Tuesday 27 January 2009

Scholarly information practices

I came across this recent OCLC publication today which aims to synthesize the wealth of dispersed information on this area into something more easily digestible. That said it's quite long so obviously I haven't read it all but along with reaffirming what we already know (they want everything online) it looks like there is some interesting data and visual representations about how researchers from different field go about their research and how we can better tailor our support.

Scholarly information Practices in the Online Environment: Themes from the Literature and Implications for Library Service Development

http://www.oclc.org/programs/publications/reports/2009-02.pdf

Friday 23 January 2009

Flickr Commons

The Library of Congress have been using Flickr for a while now to increase the accessibility of some of their enormous collection of historically interesting and out of copyright photographs as part of the Flickr Commons project. many other cultural institutions are also participating, including the State Library of NSW.

Last october the Library of Congress issued a report that gave the experiment a thumbs up:

"In the first 24 hours after launch, Flickr reported 1.1 million total views on our account; a little over a week later, the account had received 3.6 million page views and 1.9 million total visits.
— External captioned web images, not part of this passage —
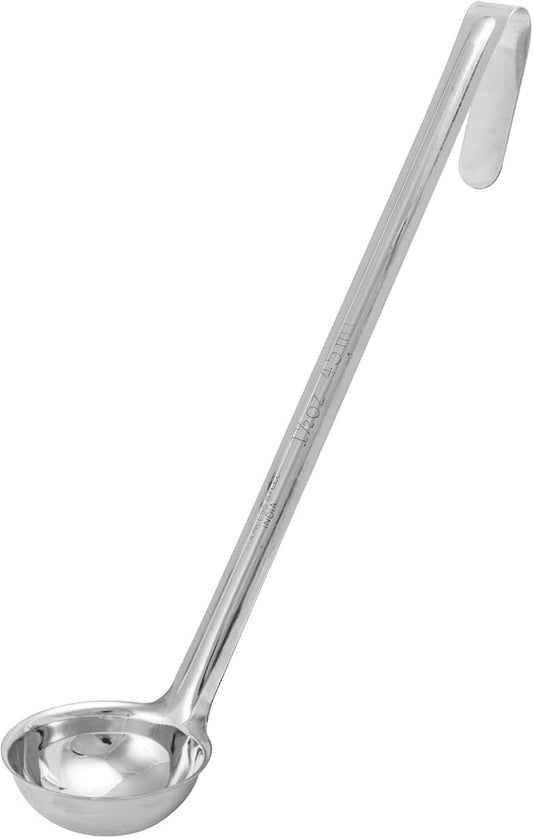 Winco Prime One Piece Stainless Steel Ladle, NSF Listed, 1.5 Ounce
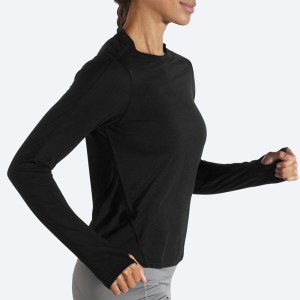 آستین بلند ورزشی زنانه بروکس مدل Brooks Women's Distance Long Sleeve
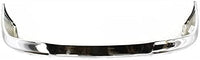 Front Bumper Chrome Styleside With Pad Holes Direct Replacement Compatible With 1998-2000 Ford Ranger FO1002346 F87Z17757BA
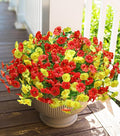 Artificial Flowers for Outdoors Fake Plants Outside Decoration, 12 Bundles Silk by HyeFloraartificialflowers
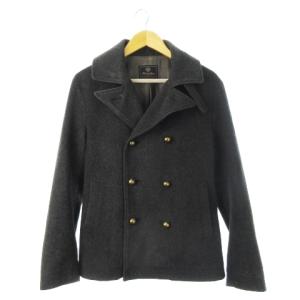 Pコート ピーコート ダブル ショート丈 ウール 03 L グレー /CK4 GY12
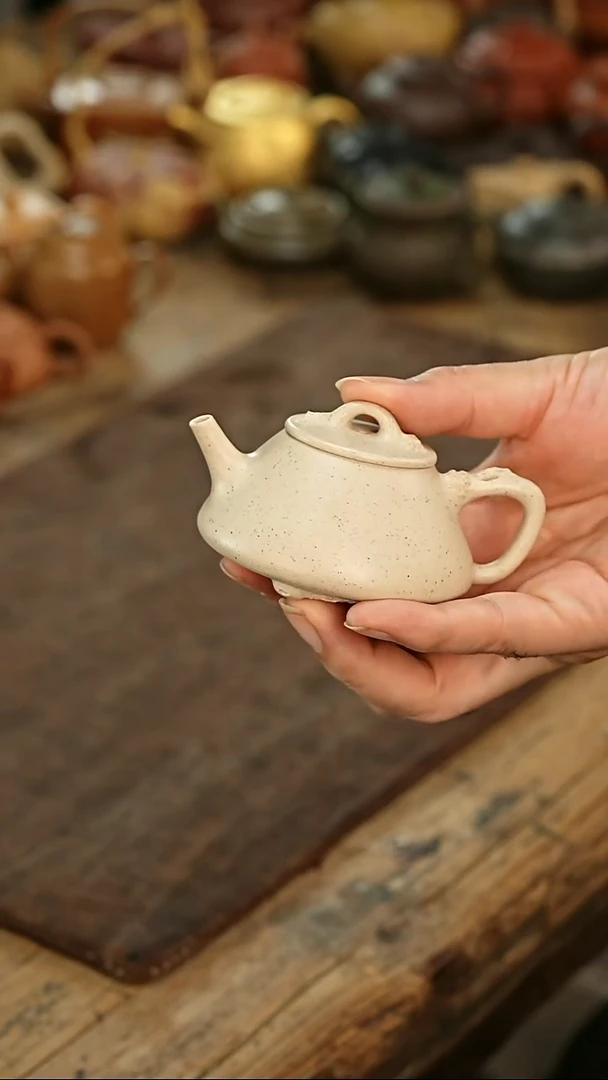茶壶紫砂太湖石子冶石瓢100cc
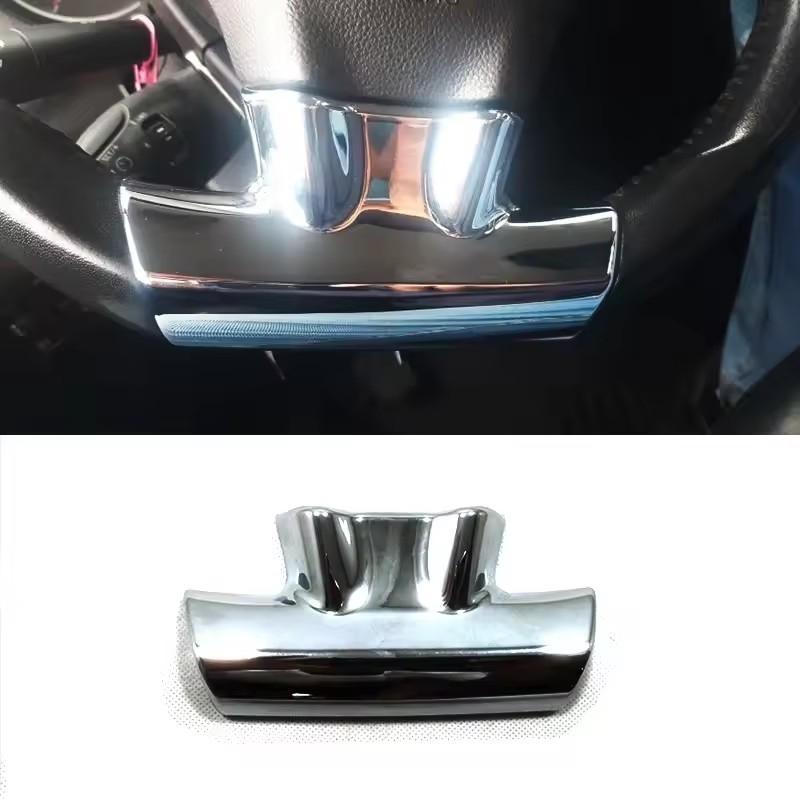 For Citroen Elysee C-Elysee For Peugeot 301 ABS carbonfiber Steering wheel plate frame Panel Cover Trim Car styling Accessories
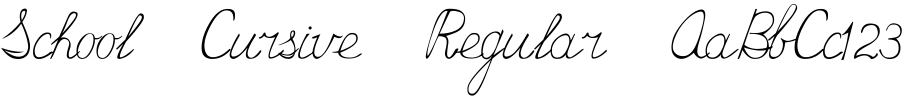 School Cursive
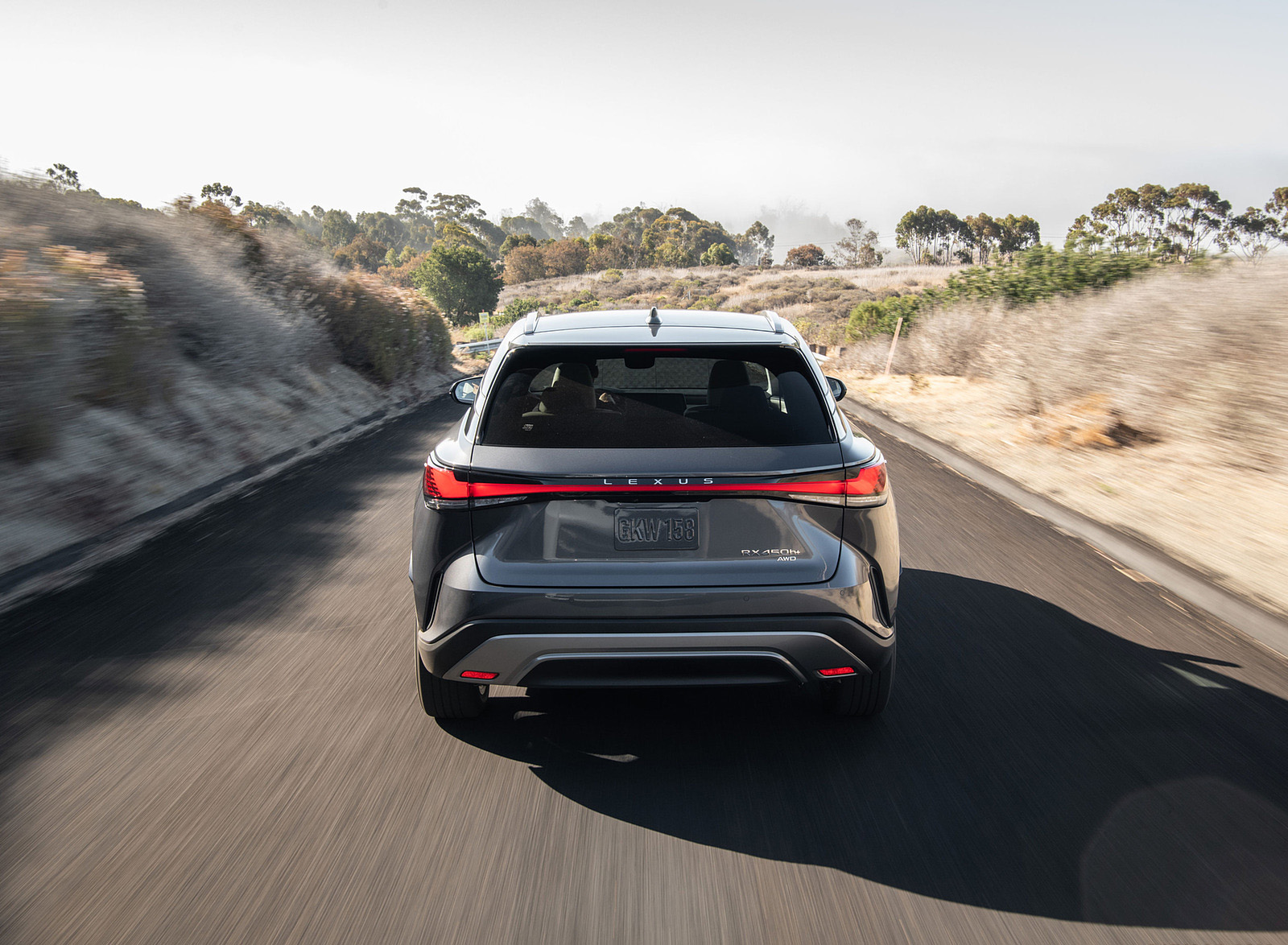 2023 Lexus RX 450h+ Luxury PHEV (Color: Sonic Grey) Rear Wallpapers (13)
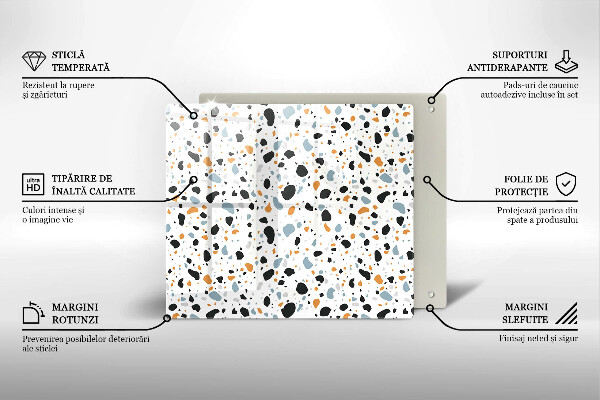 Stenska zaščitna plošča za štedilnik Dekorativna kamenina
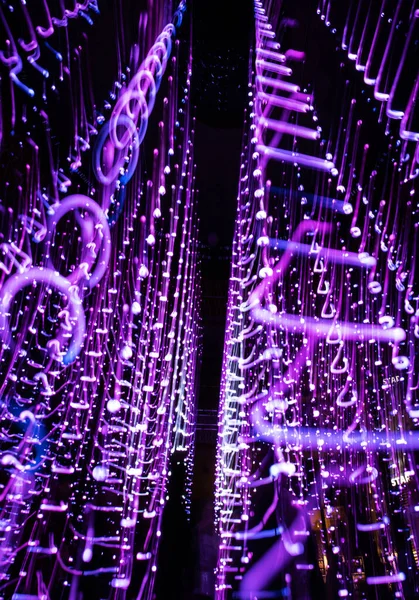 Purple Color Abstract Artistic Lights — Zdjęcie stockowe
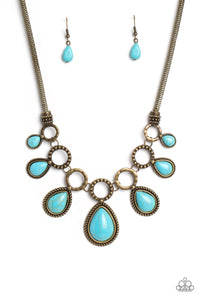 Paparazzi-Riverside Relic - Brass Necklace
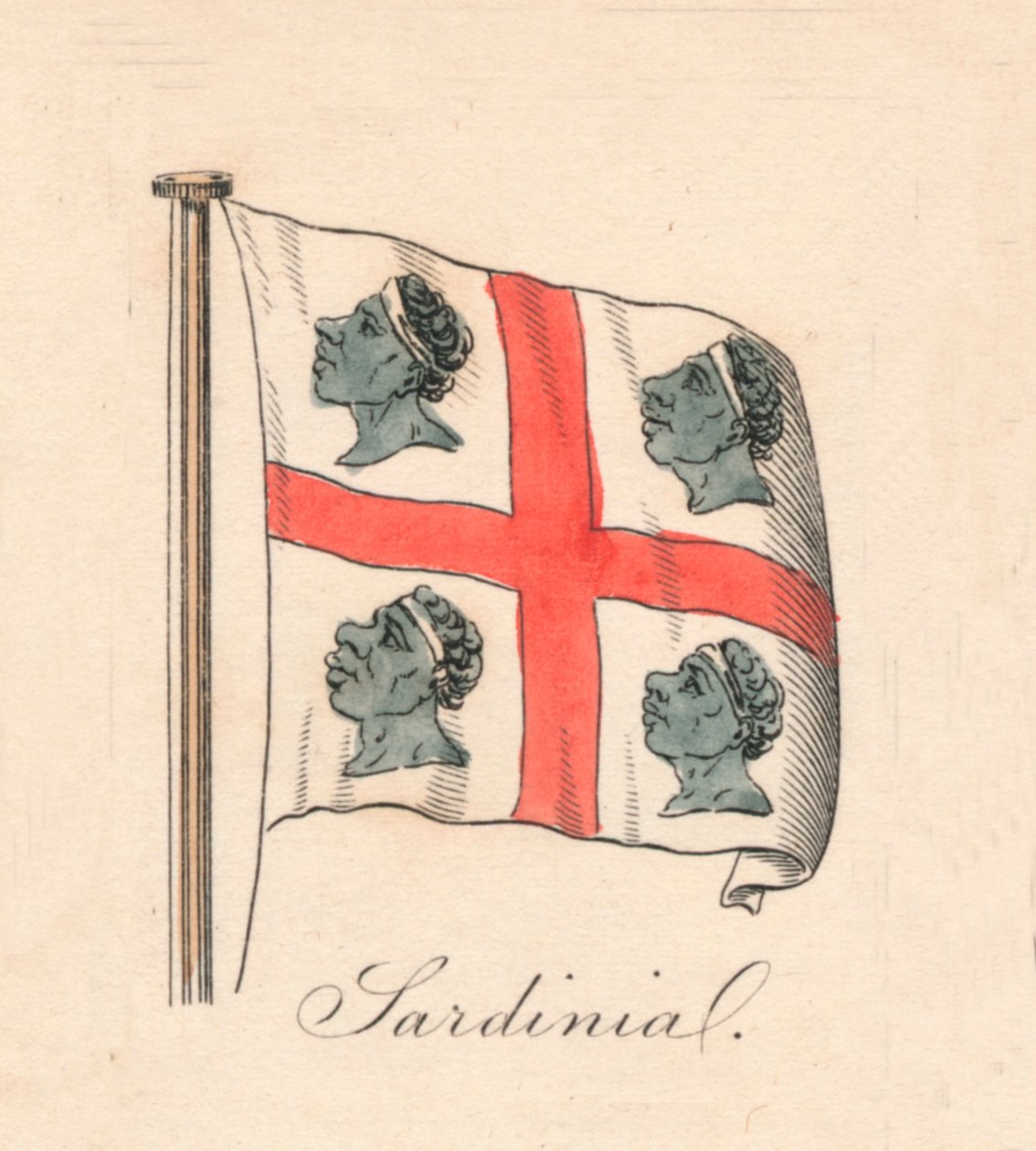 Sardenha, 1838 de Unbekannt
That included over 2 million views of the photos, and over 1 million views of the photostream. By early October, LC photos were averaging approximately 500,000 views a month and had crossed the 10 million mark in total views and the 6 million mark for visits. Interestingly, 82% of this traffic was referred from within Flickr; only 3% came from search engines"

So, could UTAS Libraries be increasing the accessibility of some of our digital collections by using Flickr Commons? I would suggest it makes a lot of sense.

Full PDF Report(http://www.loc.gov/rr/print/flickr_report_final.pdf)

Flickr Commons (http://www.flickr.com/commons)

Wednesday 14 January 2009

"BlueNet"

I came across this by accident, but it is an interesting development that UTAS is leading. There has been quite a bit of talk about the role of the Library in curating eScience research data, I am curious as to whether anyone at UTAS Library has heard of this project?

"The BlueNet project will establish a national distributed marine science data network linking universities to the AODCJF, to support the long term data curation requirements, and data access needs of Australia’s marine science researchers.

BlueNet will build infrastructure to enable the discovery, access and online integration of multi-disciplinary marine science data on a very large scale, to support current and future marine science and climate change research, ecosystem management and government decision making."

Bluenet.org.au

Search interface "MEST"

Friday 9 January 2009

Australia's most cited paper for 2008

I came across this via Stephen Abram's blog, from Science watch comes a list of the most cited countries (Australia is 9th), and each country's most cited paper. It's more of a curiousity than anything, unless you are the author of one of the papers I suppose, but interesting anyway. So (drum roll) the most cited paper is:

Most-cited paper from Clinical Medicine with 2,634 citations:
Title: "THE BCL-2 PROTEIN FAMILY: ARBITERS OF CELL SURVIVAL"
Authors: ADAMS JM; CORY S
Source: SCIENCE, 281 (5381): 1322-1326 AUG 28 1998

Unsurprisingly all the most cited papers are science or medical research. Full list here (http://sciencewatch.com/dr/cou/2009/09janALLPAPRS/)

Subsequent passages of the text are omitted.